Robotics, a popular after-school program, gives the sixth to eighth graders in the five Catholic Partnership Schools hands-on experience to put their lessons to work. Coached by an engineering professor from Drexel University, some of the students recently built, designed and programmed a robot that could climb between two walls.
Eighth grader Helena Hendrixson and her sisters — third grader Virginia and second grader Annamay — all love the robotics program at All Saints Catholic School in Wilmington, DE. “It’s very engaging for all ages,” says their mom Maura Hendrixson of Hockessin, DE. “They are all learning about things I haven’t learned about – MIPS and dashes — programming robots and running them from iPad apps. It’s interesting to see how engaged the girls are.”
A Catholic school alumna herself, Maura appreciates the new offerings her children get to experience, including opportunities for Math League and Science Olympiad. “The children work in the science lab. In elementary school I never touched a graduated cylinder or pipette,” she says. “They are learning with more hands-on applications and engaging in science at a younger age.”
Art appreciation at Catholic Schools
At Christ the Teacher Catholic School in Newark, DE, all students in kindergarten through eighth grade take a weekly art class. For those more artistically inclined, the school has Art Club, a 40-minute elective offered during the school day. Students create personal projects and often enter their work into national competitions.

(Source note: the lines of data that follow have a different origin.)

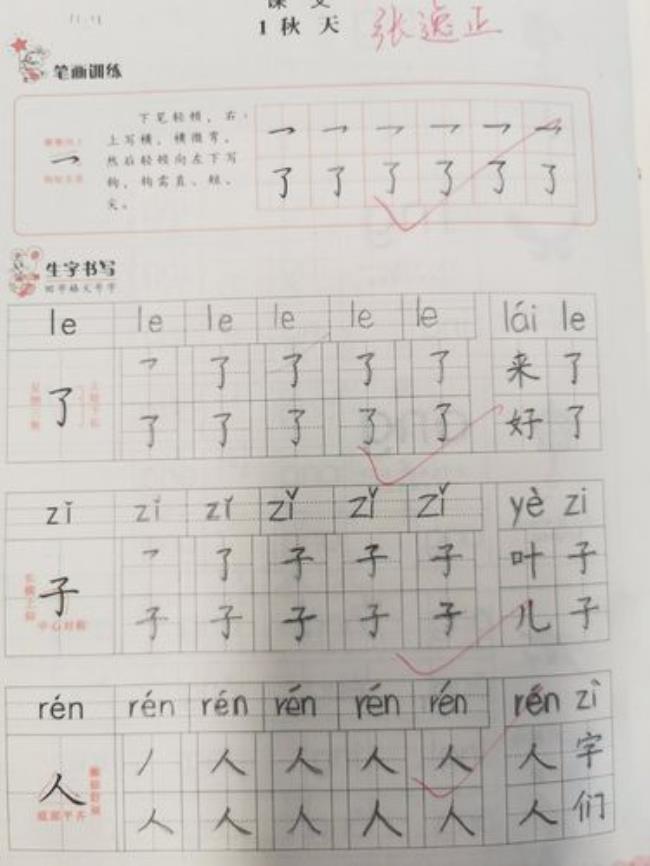 苹字占格正确书写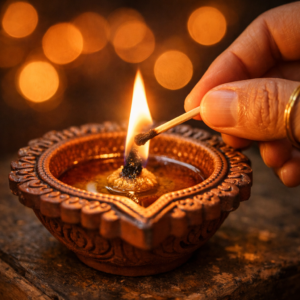 A close-up of a traditional oil lamp lighting, showing how spiritual symbols answer why do people celebrate festivals differently around the world.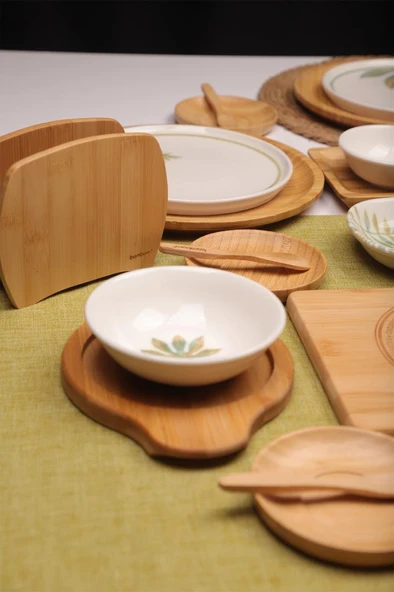 Atbyhome Soul 6 Kişilik 47 Parça Doğal Bambu Porselen Kahvaltı Takımı – Kahvaltı Seti Sunum Seti - Resim 5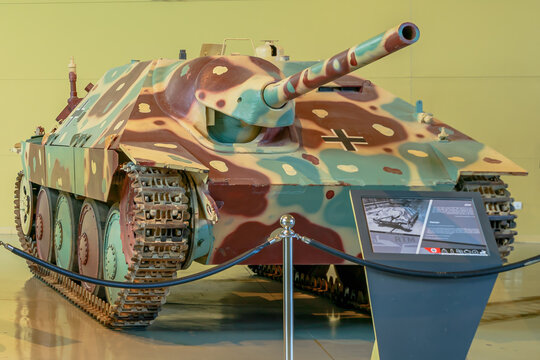 Royal Tank Museum, Amman, Jordan - May 4, 2024: World War 2 German Hetzer Jagdpanzer 38 light tank exhibited at the Royal Tank Museum in Jordan with historical camouflage paint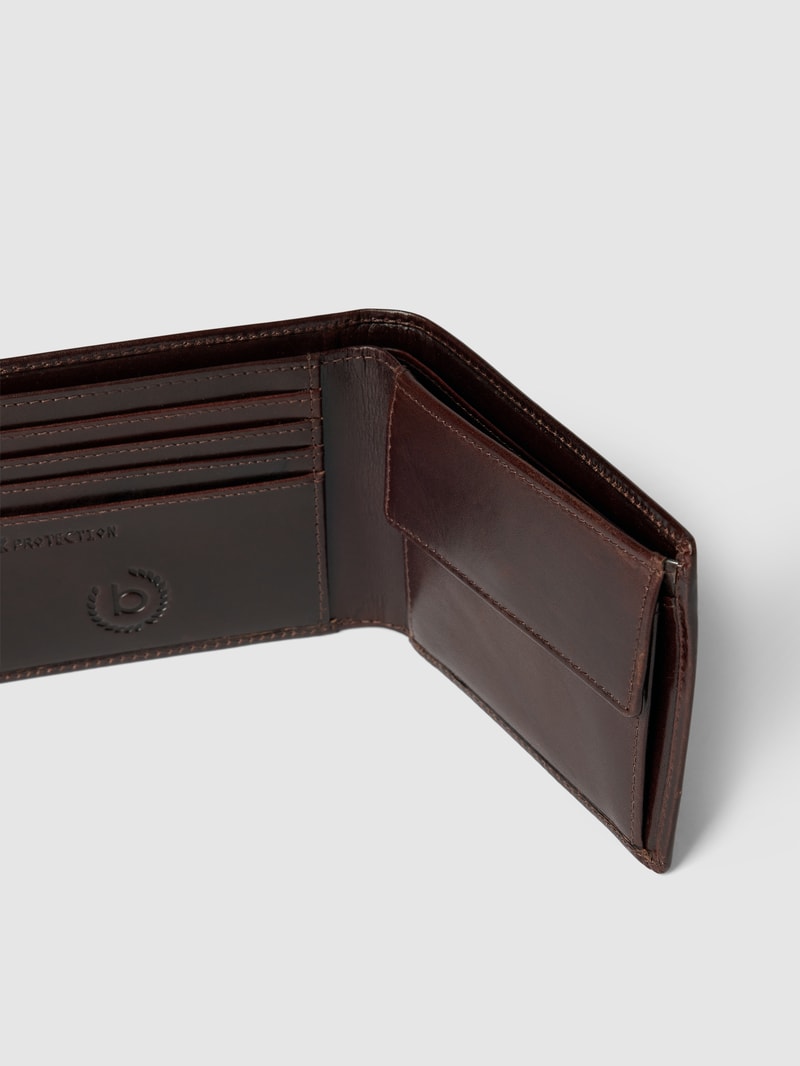 Portemonnaie mit Label-Details Modell 'Romano' in mittelbraun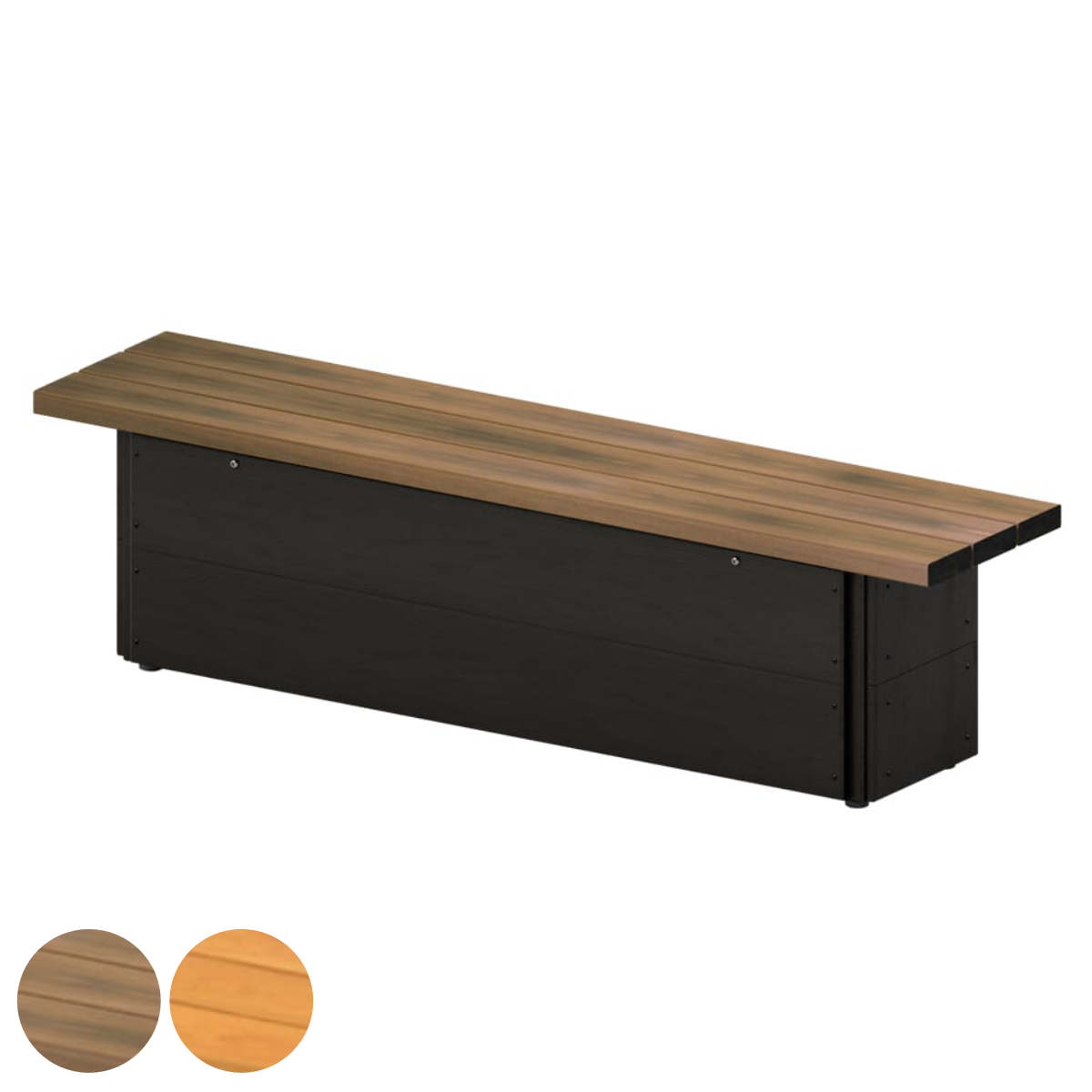 ベンチ 幅180cm キャビネットベンチ （ 法人限定 業務用 防水 収納付き ガーデンチェア 内外兼用 樹脂製 イス チェア 椅子 3人掛け 日本製 組立 背もたれ無し 背なし 背無し 再生樹脂 収納 スツール 木調 いす 屋外 室内 ） 【ライトオーク】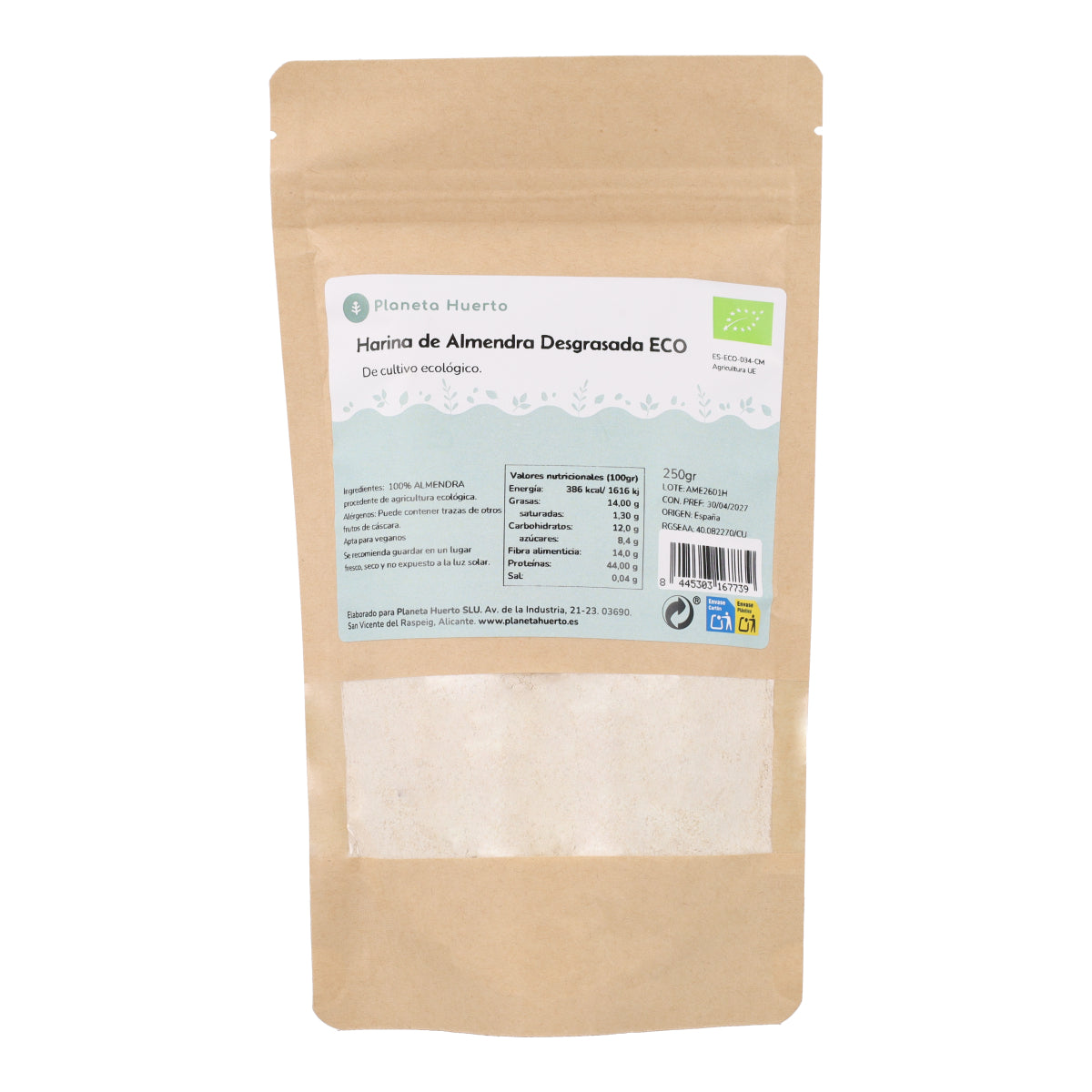 Harina desgrasada de almendra ECO Planeta Huerto 250 g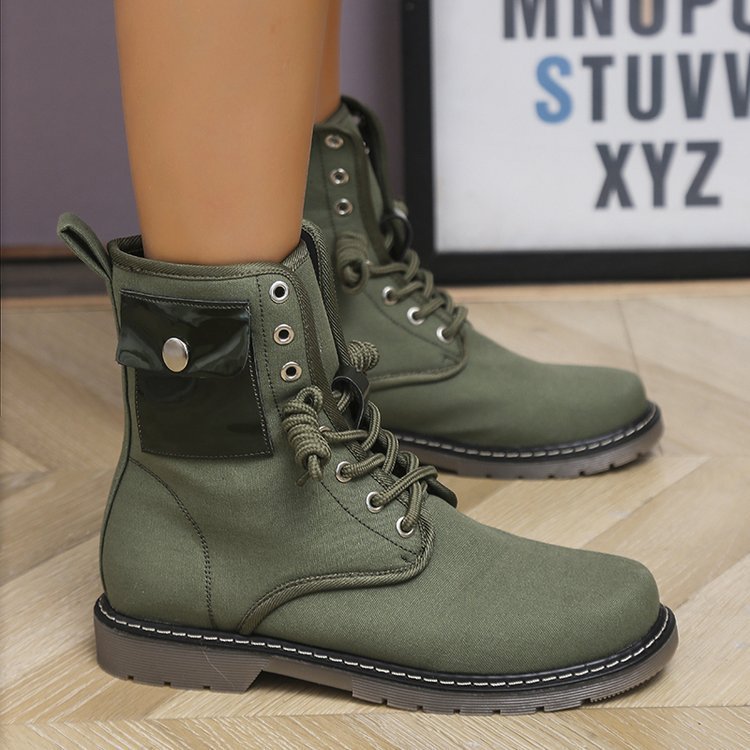 Thick Soled Side Pockets Gothic Martin Boots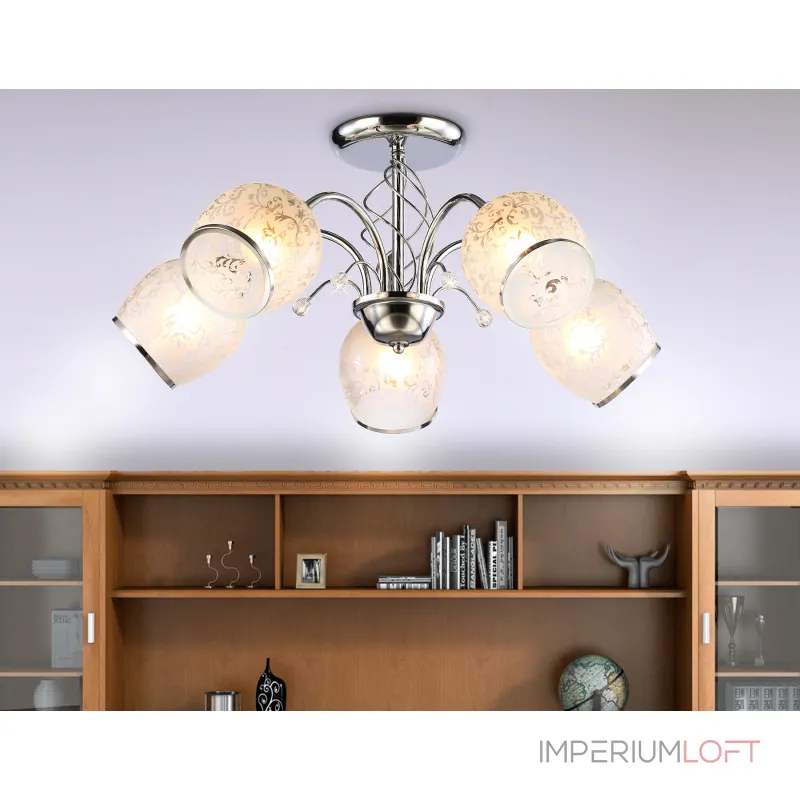 Подвесная люстра TR3188/5 CH/CL/FR хром/прозрачный/белый матовый E27/5 max 40W D600*285 от NovaLamp Подвесная люстра TR3188/5 CH/CL/FR хром/прозрачный/белый матовый E27/5 max 40W D600*285 от NovaLamp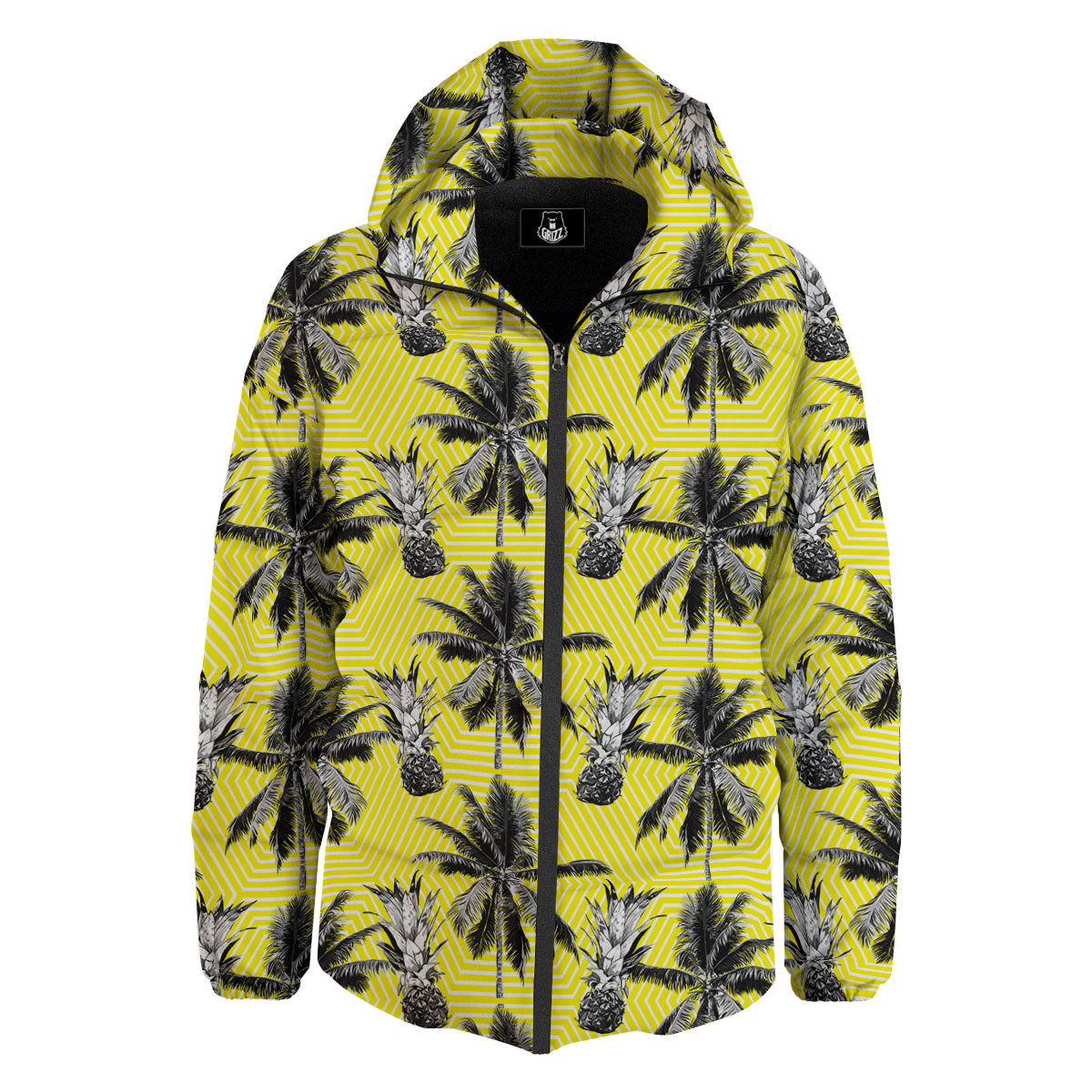 Tree Palm Yellow Print Pattern Down Jacket-grizzshop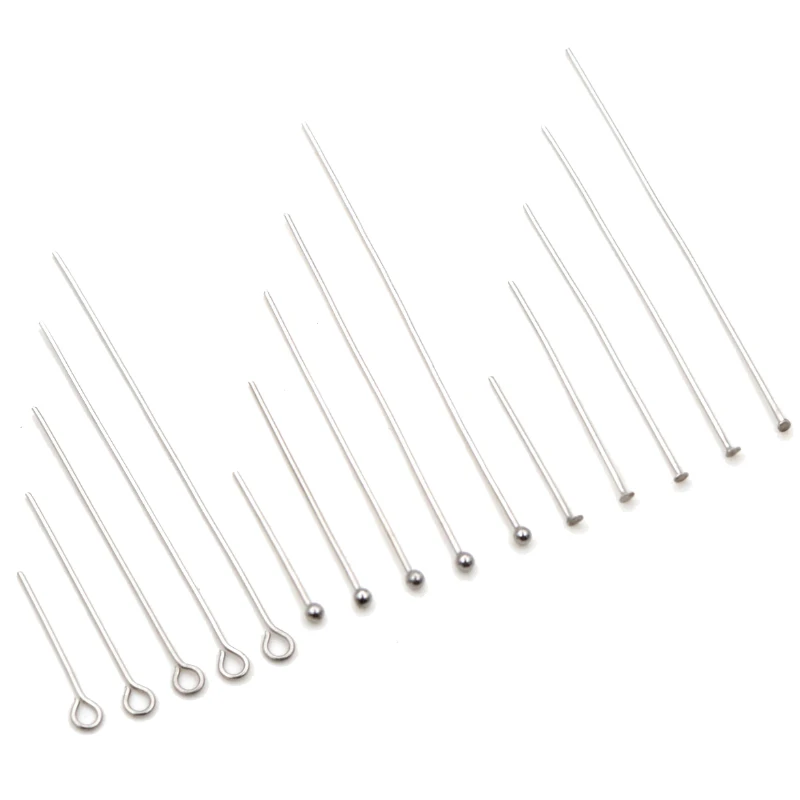 No Fade 100pcs/Lot 20-70 mm 316 Stainless Steel Ball Pins Findings Ball Head Pins For Jewelry Making DIY Supplies Accessories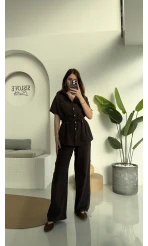 Flam Kahve Keten Takım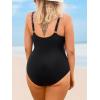 imageCUPSHE Plus Size Womens One Piece Swimsuit Surplice V Neck Swimwear Adjustable Straps Bathing SuitBlackFloral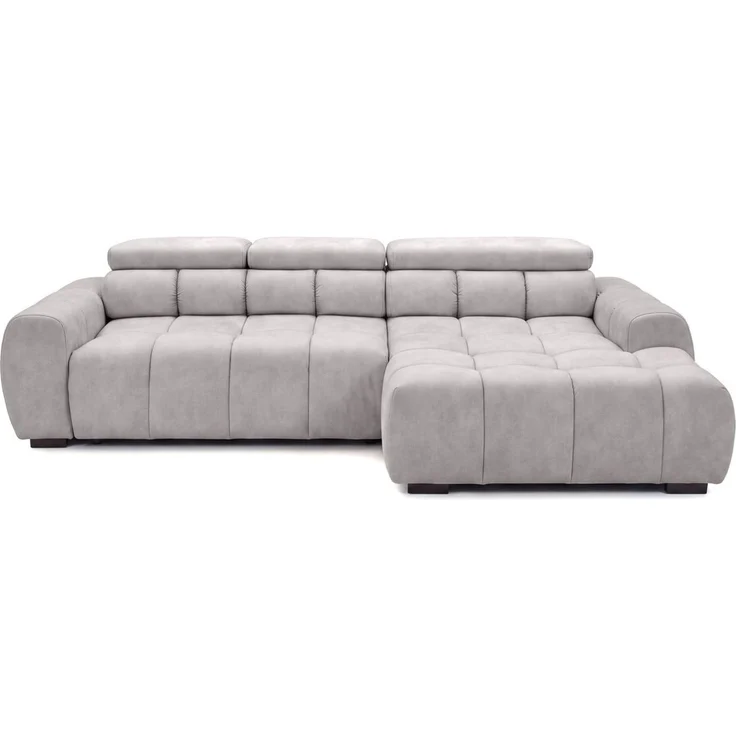 Ecksofa Schlafsofa VELUNIO RELAX in Stoff Salvador Hellgrau Ottomane Rechts – Bild 5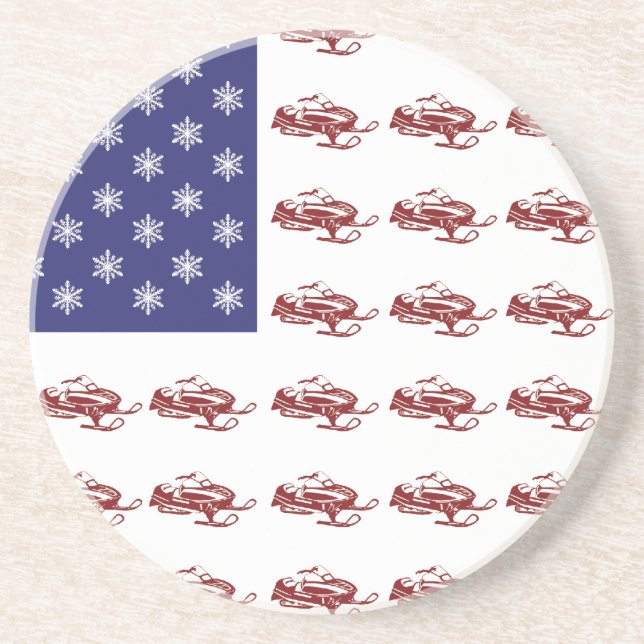 Dessous De Verre En Grès Patriotic Snowmobiling (Devant)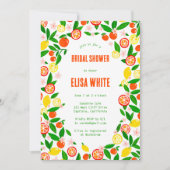Citrus Viering Aangepaste QR Zomer BRUILOFTSDINER Kaart (Voorkant)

In fact, a couple of years ago, one student won a contest sponsored by Google and won not only the honor to create the Google “doodle” for the day but also a $1,000 cash prize, a personal computer and a new computer lab for the school.
“It’s important that all of the children have an extended education beyond reading, math and social studies,” says Sister LaVerne King, principal at Christ the Teacher. “There are so many other areas where children can reach into their talents and excel, and that only helps them later in high school and college.”
Terri Akman is a contributing writer to MetroKids.